SOMETIMES YOU JUST CAN’T AFFORD to travel. Maybe you just got back from a big trip that you spent all of your money on and you still have the bug, or maybe you’ve got other obligations you have to take care of before spending on a plane ticket. There are three things you can do to quench your wanderlust in this scenario. First, you can make the financially irresponsible decision and go traveling anyway. Second, you can get super depressed. Or third, you can crack open a book.
The best books are ones with extremely well-defined settings — backdrops so perfectly described that you feel you’re almost there. These books feel like travel in their own right, and they cost you a tiny fraction of what you would’ve paid to buy a plane ticket. Here are 7 books that will take you somewhere new.
The Dominican Republic (and Paterson, New Jersey) — The Brief Wondrous Life of Oscar Wao
Junot Diaz’s great, Pulitzer Prize-winning novel The Brief Wondrous Life of Oscar Wao is an amazing look into the lives of American immigrants, and its two settings are essential to the book. Parts of the book take place in Oscar’s ancestral homeland of the Dominican Republic, and the other half takes place in Paterson, New Jersey (which, to be honest, you may want to travel to in book form only). Diaz’s language practically crackles off the page, to the extent that you can basically feel what it’s like to live in the DR or in urban NJ.
Paris (and London) — Down and Out in Paris and London
The legendary George Orwell’s first book is a travelogue about the time he spent living in poverty in Paris and London. The larger part of the book covers life as a poor working stiff in 1920’s Paris, and it provides a more colorful vision of the City of Light than anything written by Hemingway. Orwell’s particular talent is in showing the grimy, smelly underbelly of the two great cities in a way that other writers — possibly feeling too much nostalgia for a bygone Golden Age — tend to gloss over. But by showing these seedy underbellies, the cities feel real for the first time.

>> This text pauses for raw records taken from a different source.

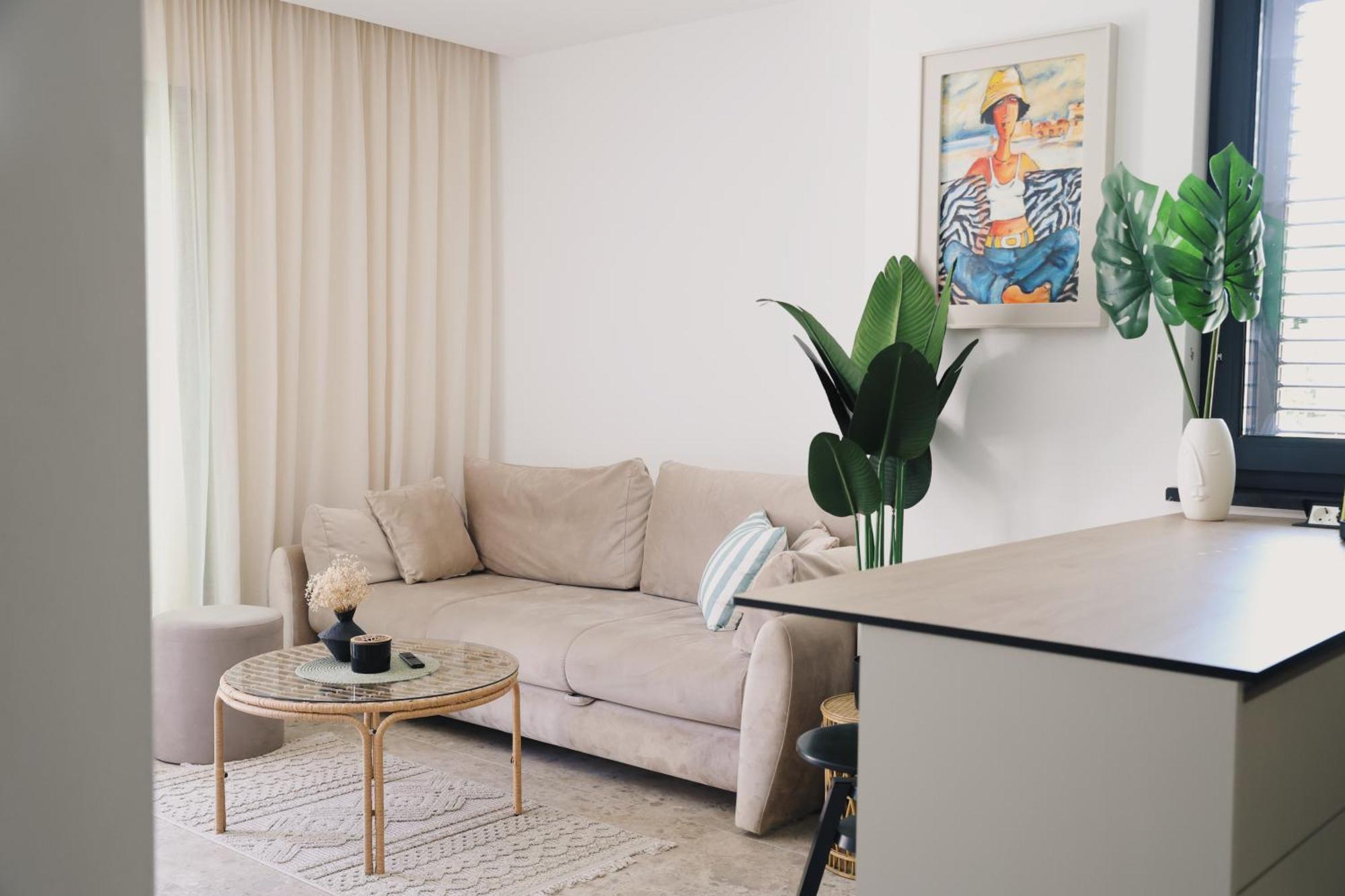 Apartman M&K 두브로브니크 외부 사진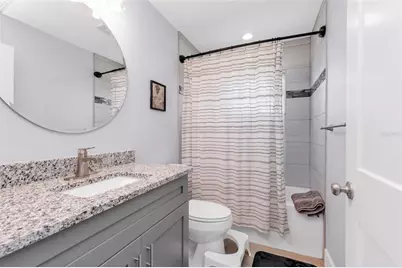 3451 Bal Harbor Boulevard, Punta Gorda, FL 33950 - Photo 38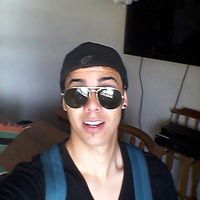 santiago suarez的照片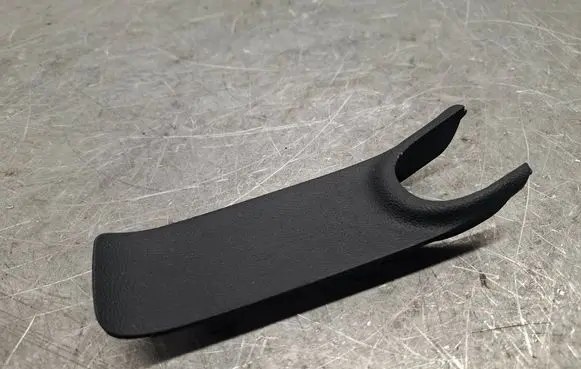 Audi A3 S3 8P Other interior part 8P0863276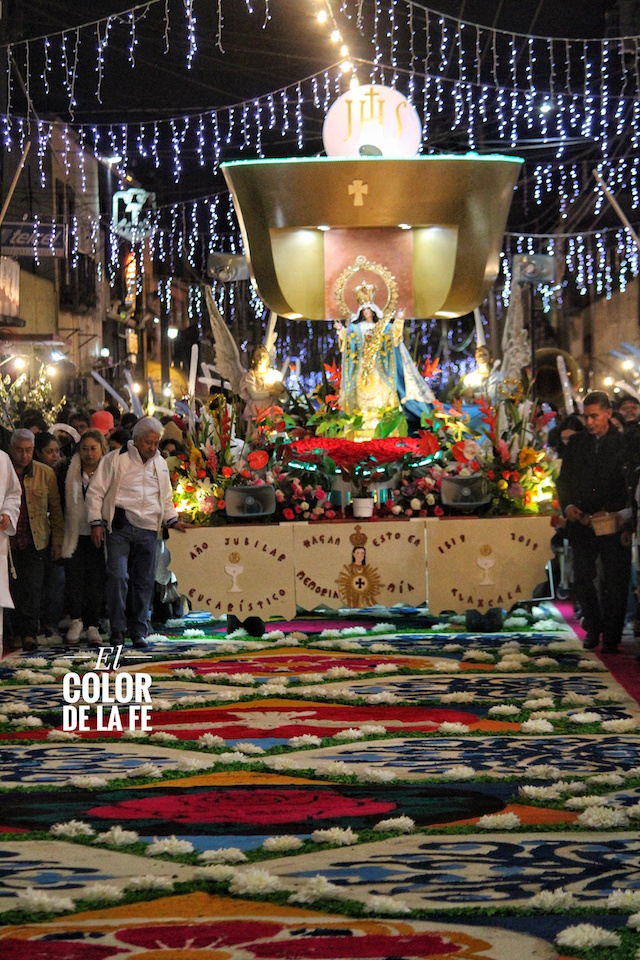 20190320031348_IMG_2152-01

Barcelona — The Shadow of the Wind
Franco’s Spain was not a particularly nice place to live, especially in the city of Barcelona, where a vibrant resistance and separatist movement against the fascists meant regular crackdowns and oppression from the police. In Carlos Ruiz Zafon’s amazing The Shadow of the Wind, a young boy is taken to “The Cemetery of Forgotten Books,” a secret library kept hidden from the public (and from the police), and is drawn into a much darker version of Barcelona than those of us who have visited in recent years will be familiar with.
The Arctic — The Terror
Dan Simmons’ horror book The Terror is a fictionalization of a real-world exploration catastrophe from the 1840’s, when the crews of two ships that were searching for the Northwest Passage became stranded in the Arctic Ice. The book goes the supernatural route and shows the sailors being hunted by some sort of monster, but most striking about the book is its depiction of the extreme brutality of the cold in the Arctic Winter. You’ll always feel a little cold after putting the book down.
Dublin — In the Woods
If you loved Gone Girl or Girl on a Train, you’ll love Tana French’s Dublin Murder Squad books. In the Woods is the first (and darkest) in the series, but you can start wherever you like. Each book deals with a different detective investigating a different case, and there hasn’t been a bad book in the series yet. What’s most impressive, though, is how each book manages to illuminate a little bit more about the city of Dublin, whether it’s looking at its poor projects, its preppy schools, or its creepy, possibly haunted suburbs.
Edinburgh — Trainspotting
Yes, you’ve probably seen the movie adaptation of Irvine Welsh’s classic book Trainspotting, but there’s nothing quite like the book — it’s written in Scots dialect, so can seem impenetrable at first, but once you start understanding the dialect, it’s one of the most powerful books you’ll ever read. Welsh’s Edinburgh is a depressed, grimy place full of heroin addicts and violent thugs that still somehow captures the imagination. If you don’t want to read something you’ve already seen the movie of, try the prequel Skagboys, or the unrelated (but still based in the same universe) Glue.
Mercury — 2312
Kim Stanley Robinson’s 2012 novel about Earth 300 years in the future is, in some ways, pretty bleak — climate change has put the world’s coastal cities underwater, and the planet is overcrowded. But we’ve also managed to colonize the other planets in the solar system. And it’s the trips you take to the other planets that makes this book truly incredible, particularly when it comes to Mercury, the closest planet to the sun. The trip 2312 takes you on through the solar system will make you hope that space travel can become widespread in your lifetime.